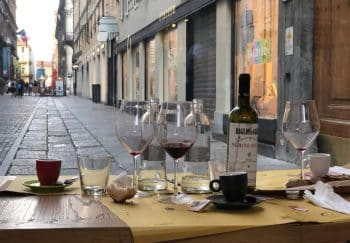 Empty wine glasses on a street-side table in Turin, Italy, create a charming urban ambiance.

---

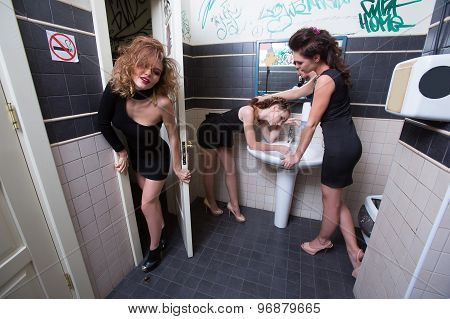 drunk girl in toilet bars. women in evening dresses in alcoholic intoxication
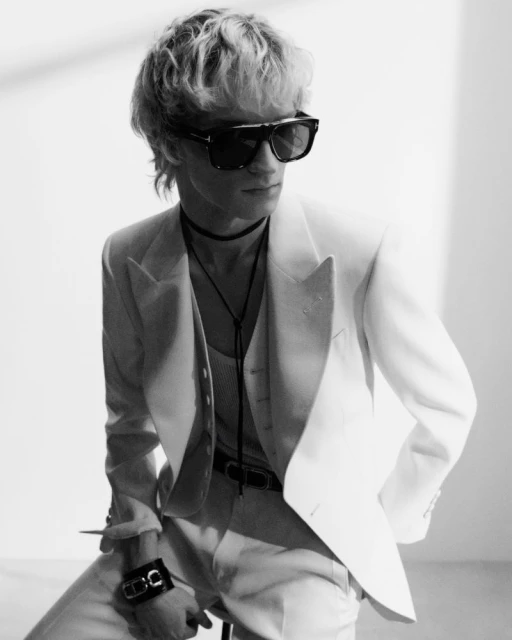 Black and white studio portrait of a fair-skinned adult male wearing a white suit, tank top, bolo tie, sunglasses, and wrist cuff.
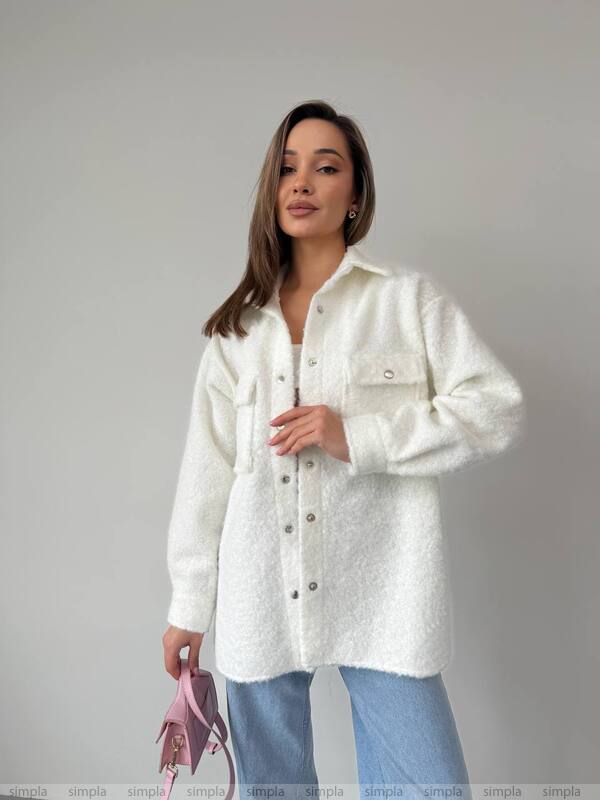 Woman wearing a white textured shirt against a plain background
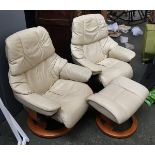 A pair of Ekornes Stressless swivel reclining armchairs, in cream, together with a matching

* * *

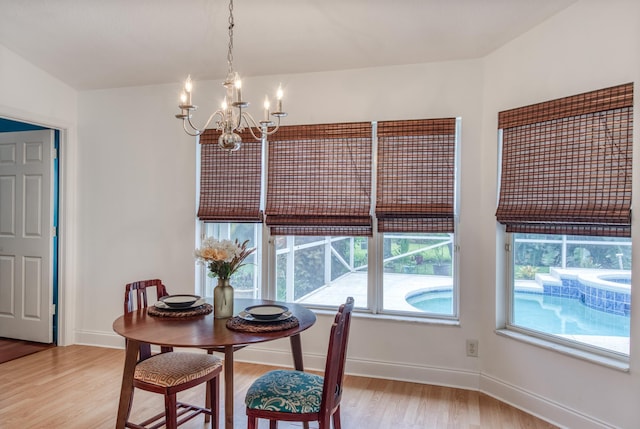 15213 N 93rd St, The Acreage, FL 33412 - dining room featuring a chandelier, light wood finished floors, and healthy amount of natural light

▶ **Problem**
What are the lines above from the one with "drunk girl in" to the one with "Woman wearing a", both included? Reproduce them exactly, without pictures.

▶ **Response area**
 drunk girl in toilet bars. women in evening dresses in alcoholic intoxication
 Black and white studio portrait of a fair-skinned adult male wearing a white suit, tank top, bolo tie, sunglasses, and wrist cuff.
 Woman wearing a white textured shirt against a plain background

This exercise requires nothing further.